Le conseguenze sono state rapide. La Grecia ha licenziato il capo del suo servizio di intelligence EYP e il capo di gabinetto del primo ministro. Il governo di centro-destra di Kyriakos Mitsotakis ha negato qualsiasi coinvolgimento politico, ha definito un errore il monitoraggio di un avversario e ha superato un voto di sfiducia nel 2023.
Il produttore sul banco degli imputati
La causa nomina Intellexa SA e 13 individui, tra cui il fondatore israeliano Tal Dilian. Tutti e otto i querelanti avevano telefoni trovati infetti da Predator. Stanno chiedendo danni per la violazione illecita della loro vita privata, delle loro comunicazioni e dei loro dati personali.
Predator è tra gli strumenti di spyware più capaci in circolazione. Rapporti precedenti hanno scoperto che raggiungeva gli obiettivi tramite link SMS, sfruttando vulnerabilità zero-day in Chrome e Android, nota The Register.

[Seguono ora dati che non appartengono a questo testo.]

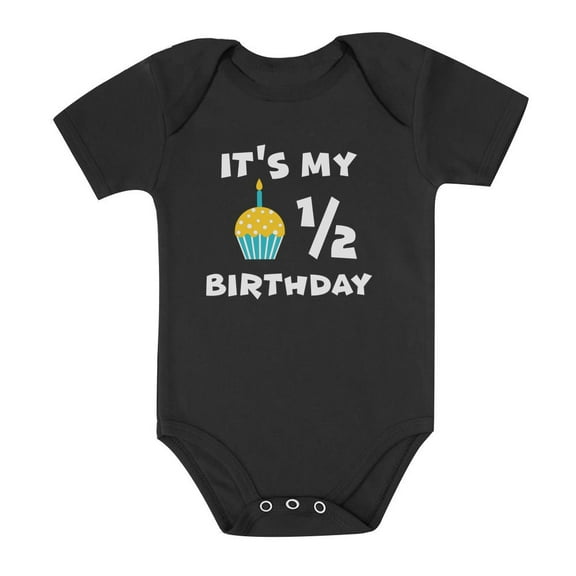 Tstars Unisex Half Birthday Bodysuit - Ideal 6 Month Celebration Outfit - Perfect Baby Shower Gift - Baby Boy or Girl's 1/2 Birthday Present - Cute and Quality Graphic Apparel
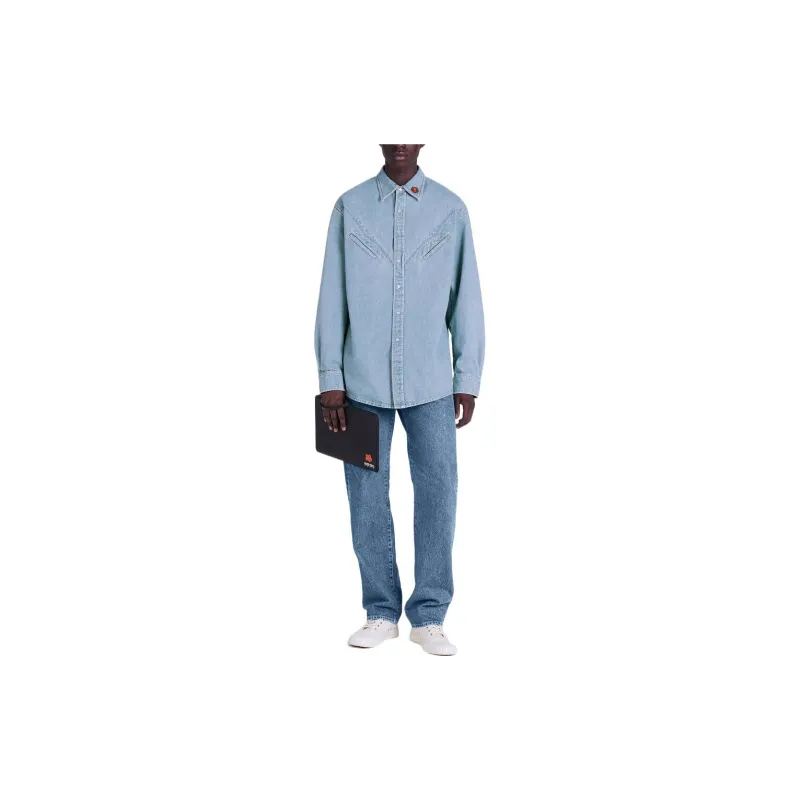 KENZO X Nigo Western Flower Limited Collection Shirt Men's Sky Blue-2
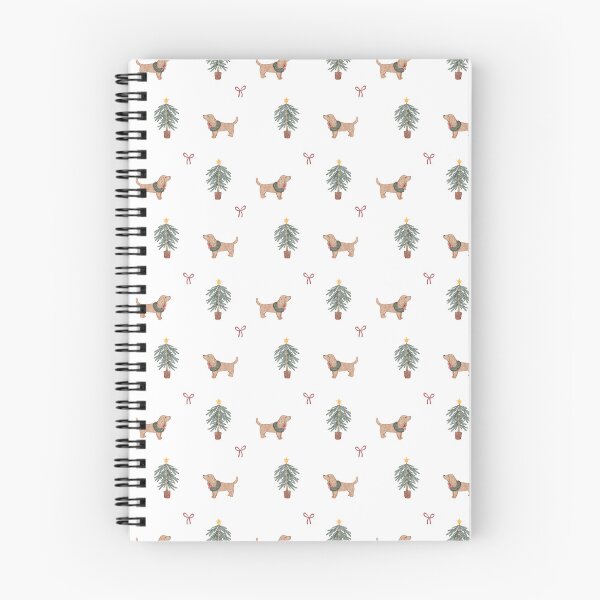 Item preview, Cute Watercolor Cocker Spaniel Christmas Tree White Pattern designed and sold by svitlaarty.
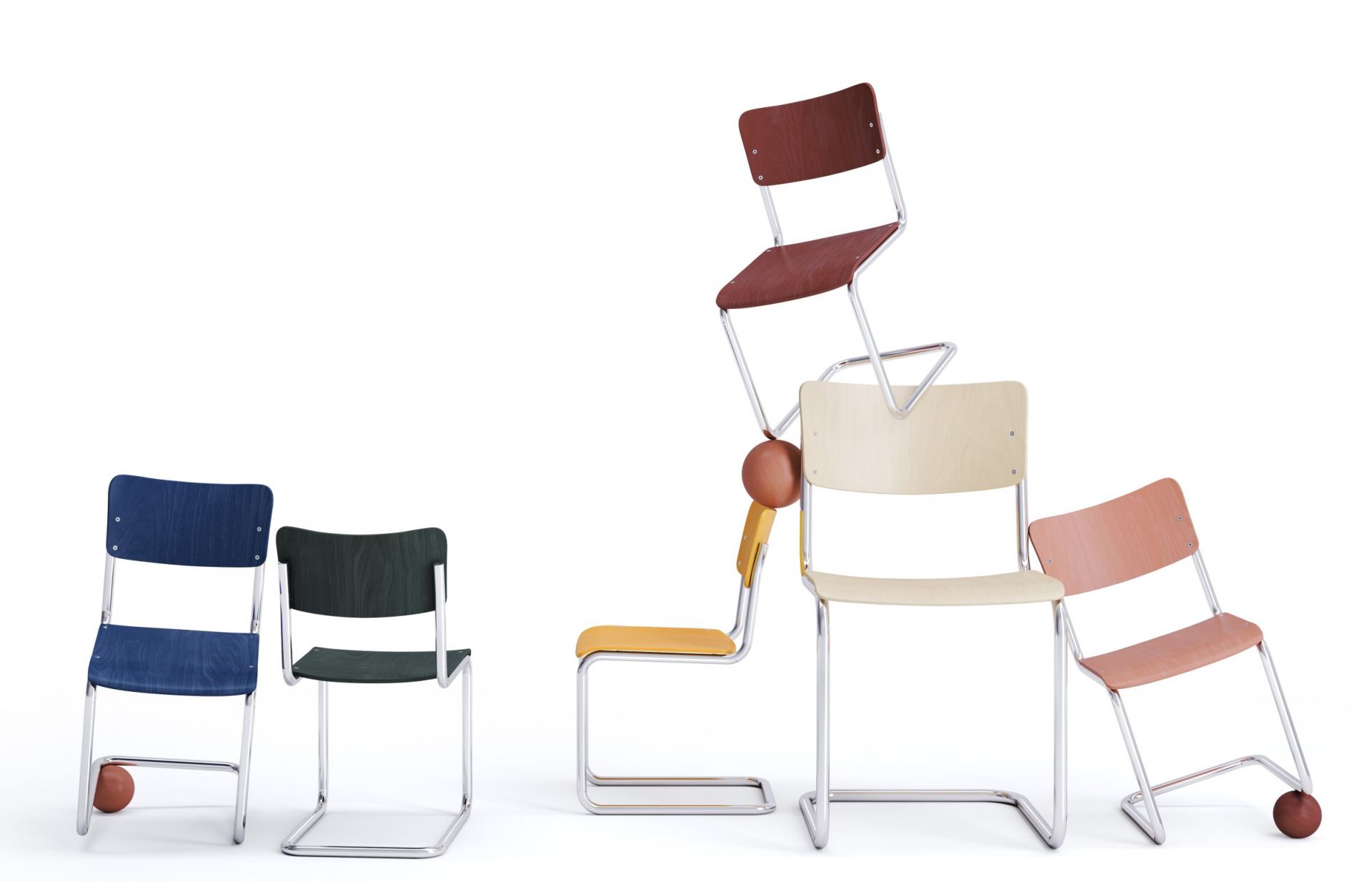 S 43 K Kinderstuhl Freischwinger Thonet in Bernsteingelb und anderen Farben gestapelt, modernes Design für Kinderzimmer.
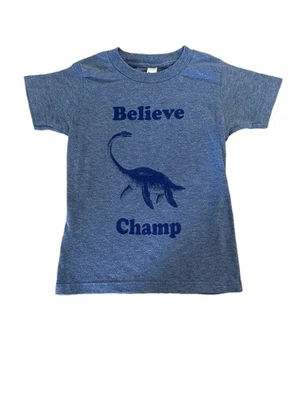 Kids Size 4 “Believe Champ” Vermont Sea Monster Lake Champlain  T-Shirt Blue - Image 1 of 3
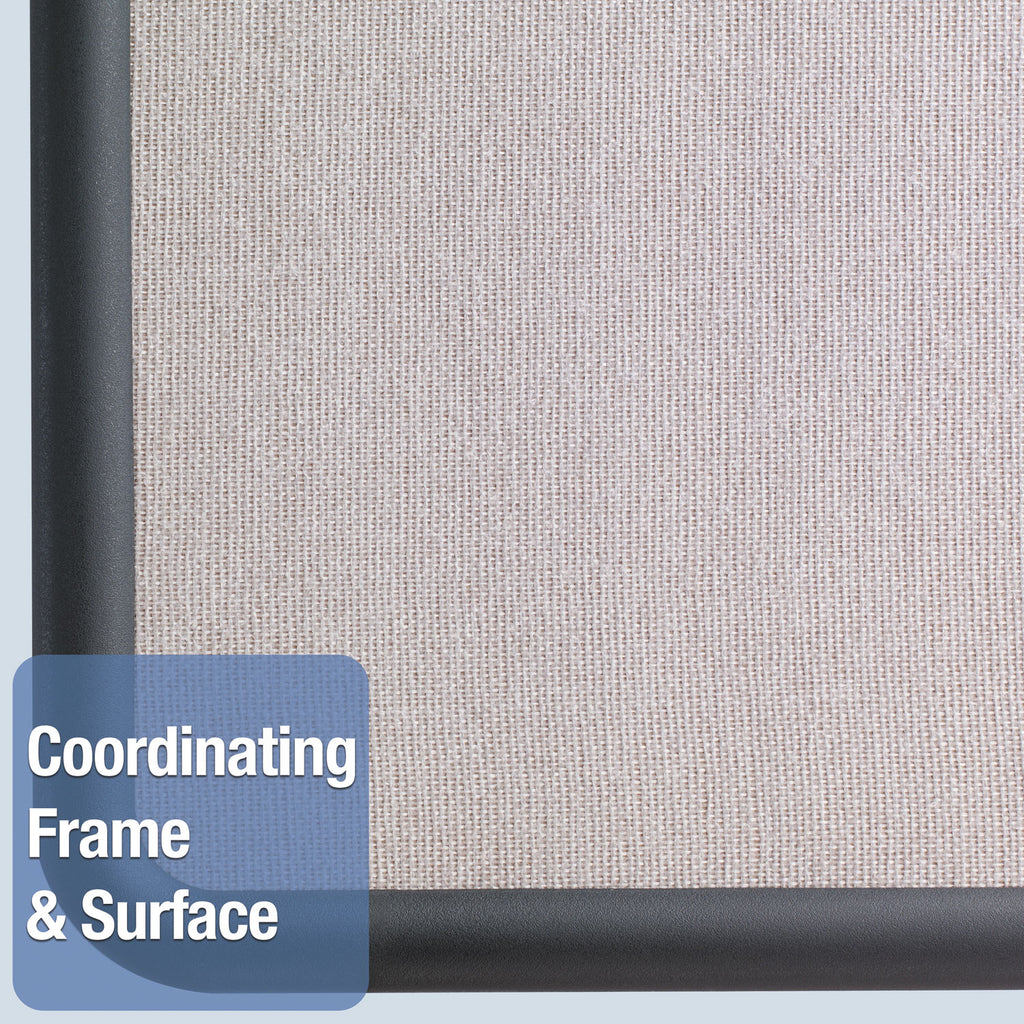 Contour Fabric Bulletin Board, 48 x 36, Gray Surface, Black Plastic Frame - 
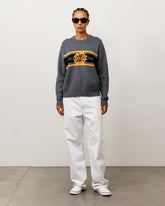 STRIPED HIBISCUS SWEATER - Grey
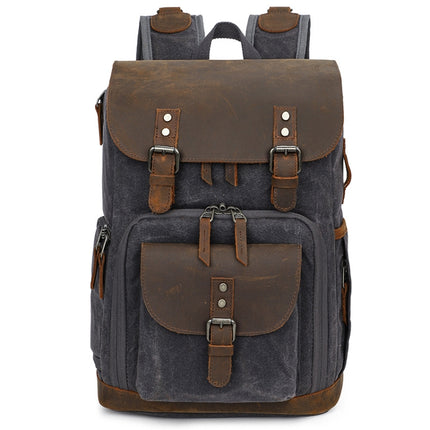 K-86 Casual Shoulder Camera Bag Contrast Waterproof Batik Canvas Single Digital Camera Photo Backpack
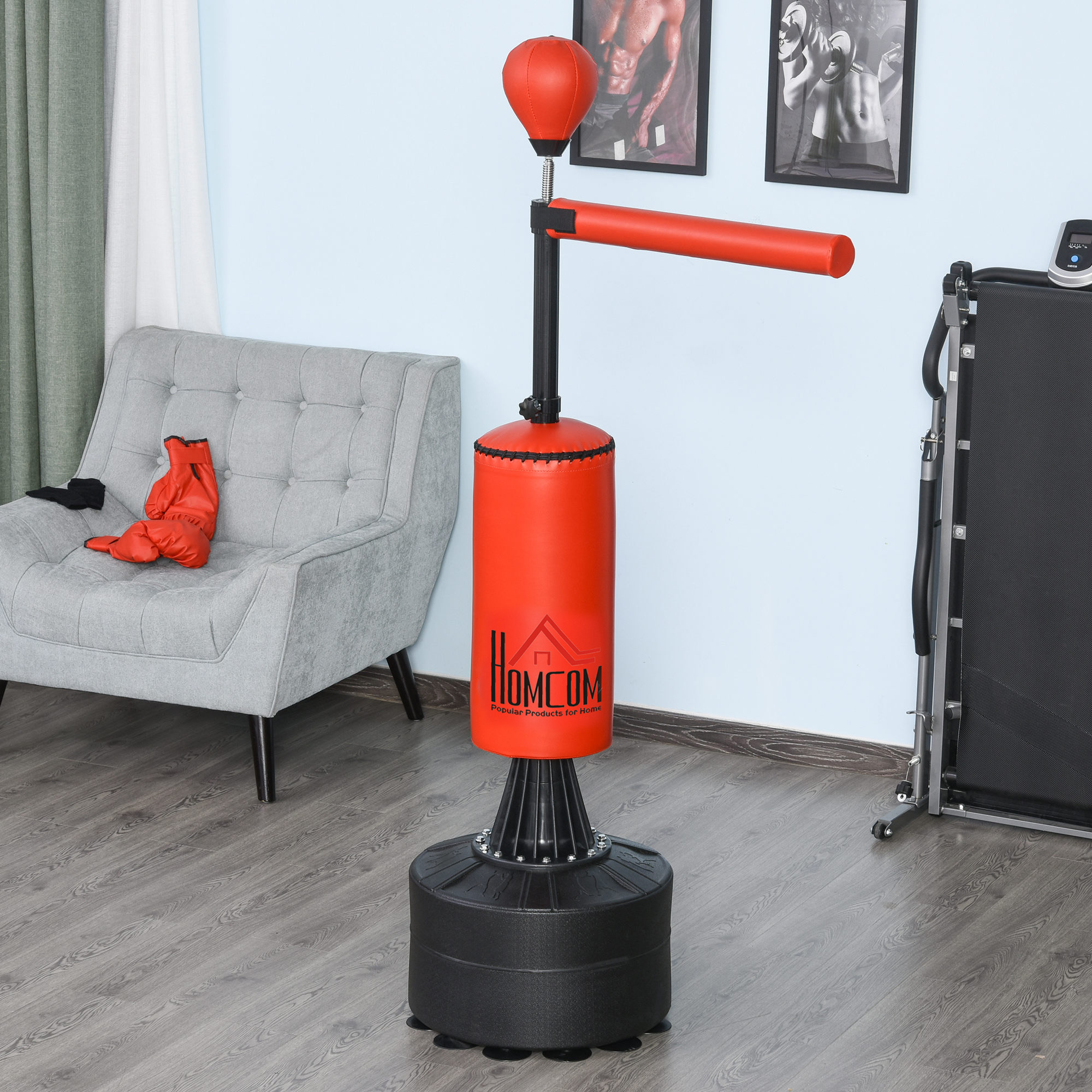 HOMCOM Standboxsack Boxtrainingsgerät mit Reflexball, 360°-Drehstange, Saugfuß, Sand/Wasser befüllbar, Stehend Boxassistent mit Handschuhe, Luftpumpe Training Boxsack 88 x 48 x 155-205 cm
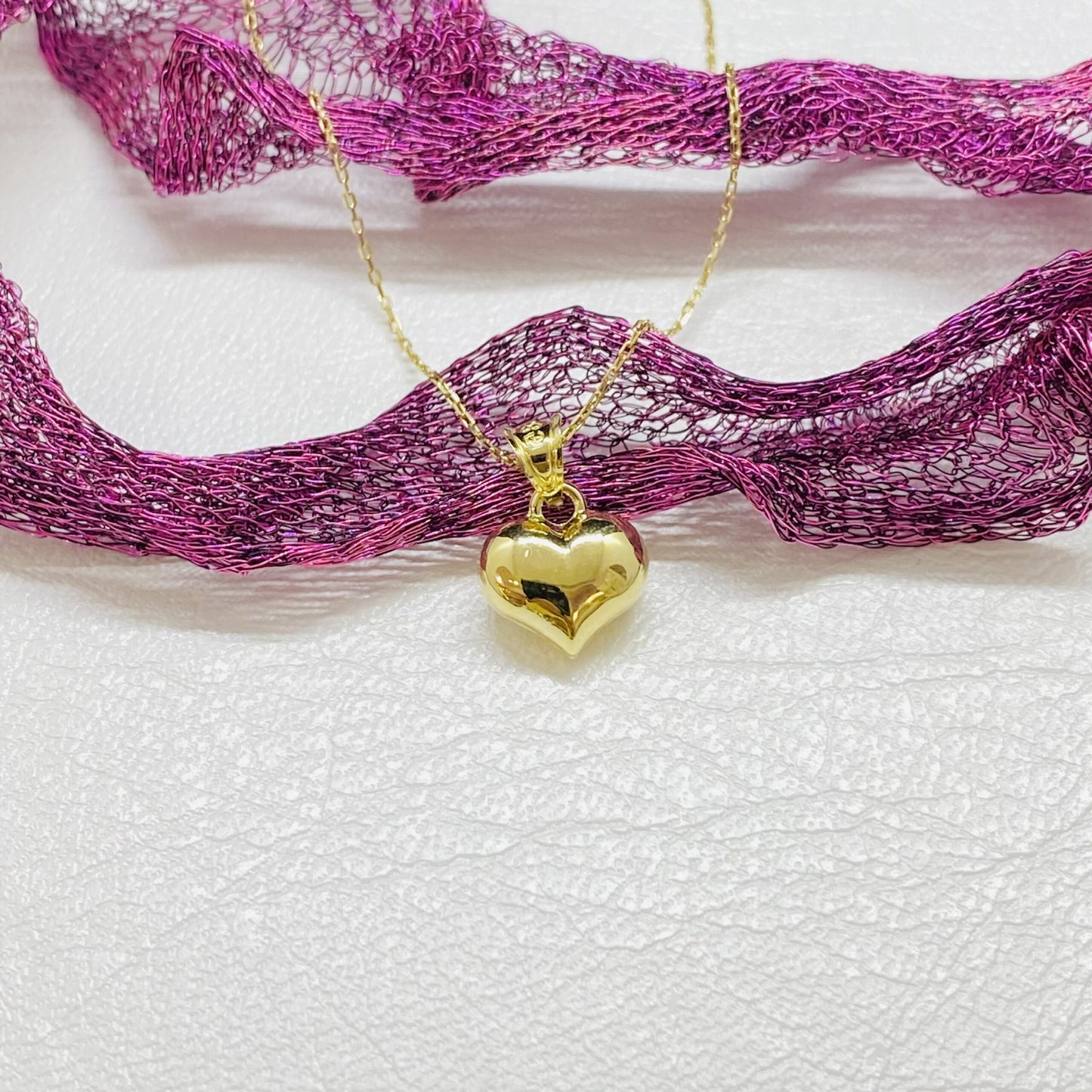 14K Real Solid Gold Heart Necklace for Women , Cute Dainty 3D Curved Heart Pendant , Stunning Gold Puff Heart Pendant On Chain,Gift for her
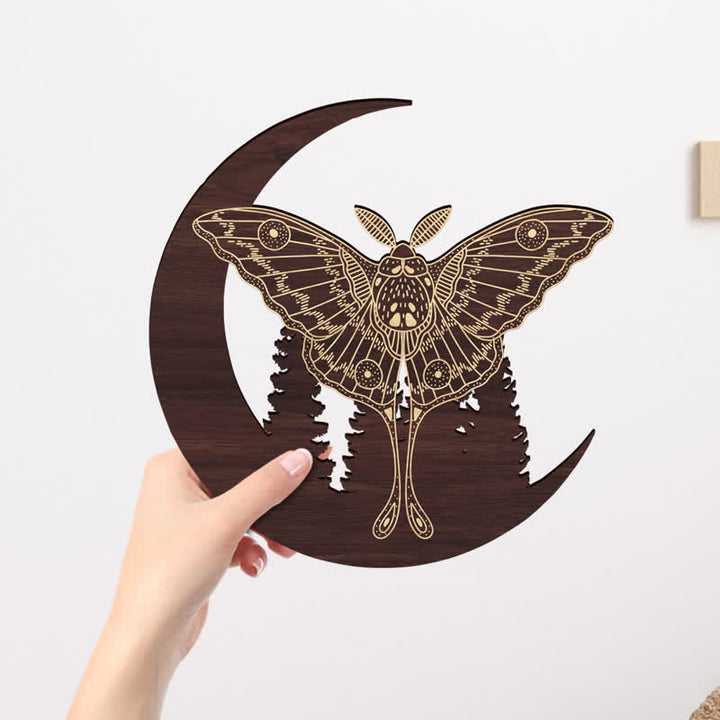 Decorazione da parete in legno Olivenorma Crescent Moon Moth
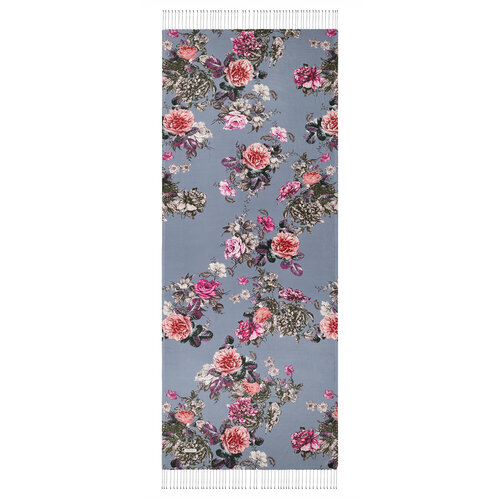 Blue Peony Garden Print Silk Scarf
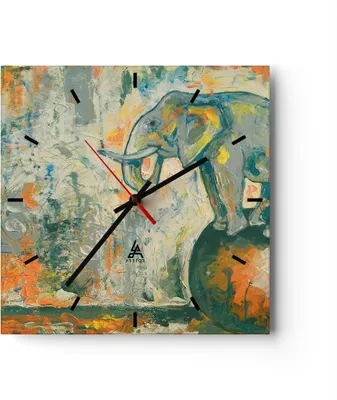 Produktbild von Wanduhr - Quadrat - Glasuhr - Elefant Abstraktion - 30x30cm - Schleichendes Uhrwerk - Lautlos - zum Aufhängen bereit - Dekoration Modern - Wanddekoration aus Glas - C3AC30x30-3566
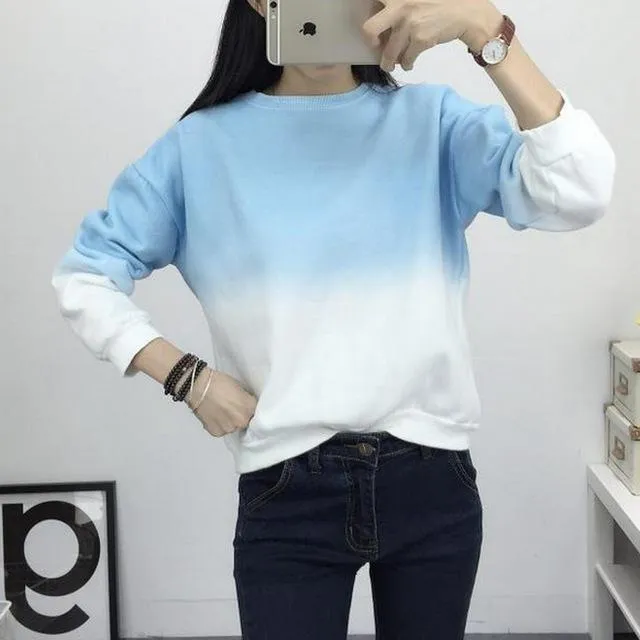 Fashion Long Sleeve Sweatshirts Slim Autumn Moletom Round Neck Gradual Change Printing Sudadera M-XXL Loose Women Sweatshirt (US 8-16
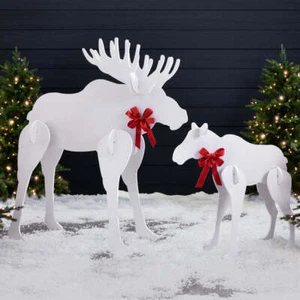 RUSTIC 2 -PC 58" MOOSE FAMILY SILHOUETTES WEATHER DURABLE CHRISTMAS YARD SCENE - Picture 1 of 5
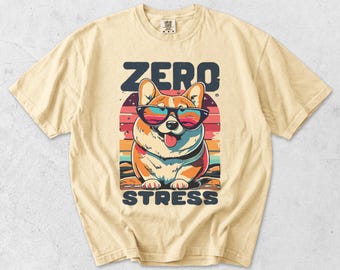Garment Dyed Corgi Graphic Tee: Zero Stress Retro Sunset Print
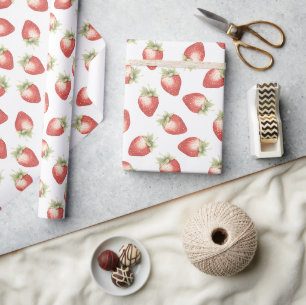 Rode Fruit Aardbeien Verjaardag Cadeaupapier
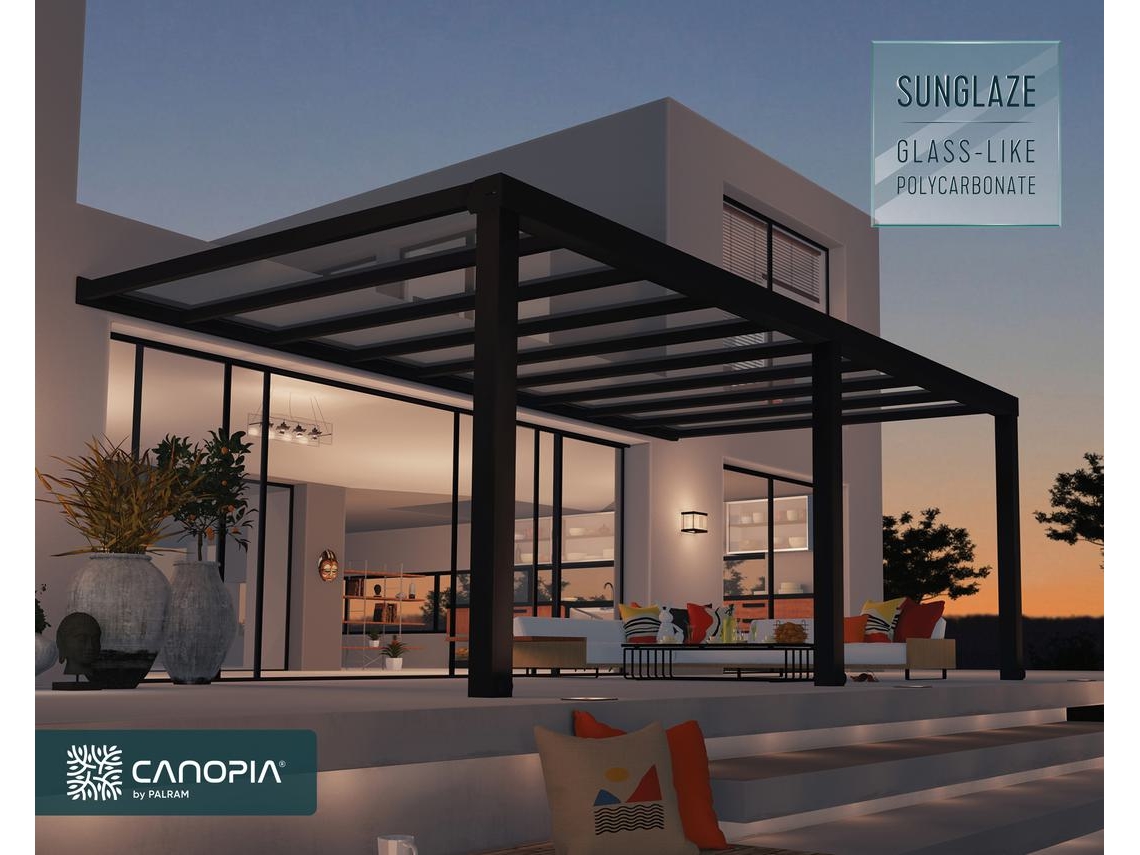 Pérgola CANOPIA Stockholm Cobertura para Terraço de Aluminio Premium 3.4X6.6  m Transparente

Il caso penale è più avanzato. A febbraio un tribunale greco ha condannato Dilian e altri tre per violazione della riservatezza dei dati nel 2020 e 2021. Ognuno ha ricevuto una pena nominale di 126 anni, limitata a otto secondo la legge greca. Dilian definisce la sentenza infondata e presenterà ricorso a dicembre.
Perché è importante
Washington ha agito per prima. Nel 2024 il Tesoro degli Stati Uniti ha sanzionato Intellexa e aziende collegate in Irlanda, Macedonia del Nord e Ungheria. L'amministrazione Trump ha poi revocato alcune di queste misure quest'anno. Anche la Grecia non è sola, con scandali simili di spyware in Spagna, Ungheria e Polonia.
Questa settimana i sostenitori hanno esortato l'UE a indagare e attribuire ogni attacco, mentre il blocco si riprende da un nuovo caso Pegasus contro uno dei suoi stessi legislatori. Il governo continua a negare illeciti, il che lascia le vittime a inseguire il fornitore. Questa causa mette alla prova se un produttore di spyware, e non lo stato che lo ha acquistato, possa essere costretto a pagare.
Il tribunale ne discuterà ad aprile, e alimenta una spinta più ampia per contenere un'industria che prospera attorno all'espansione della sorveglianza.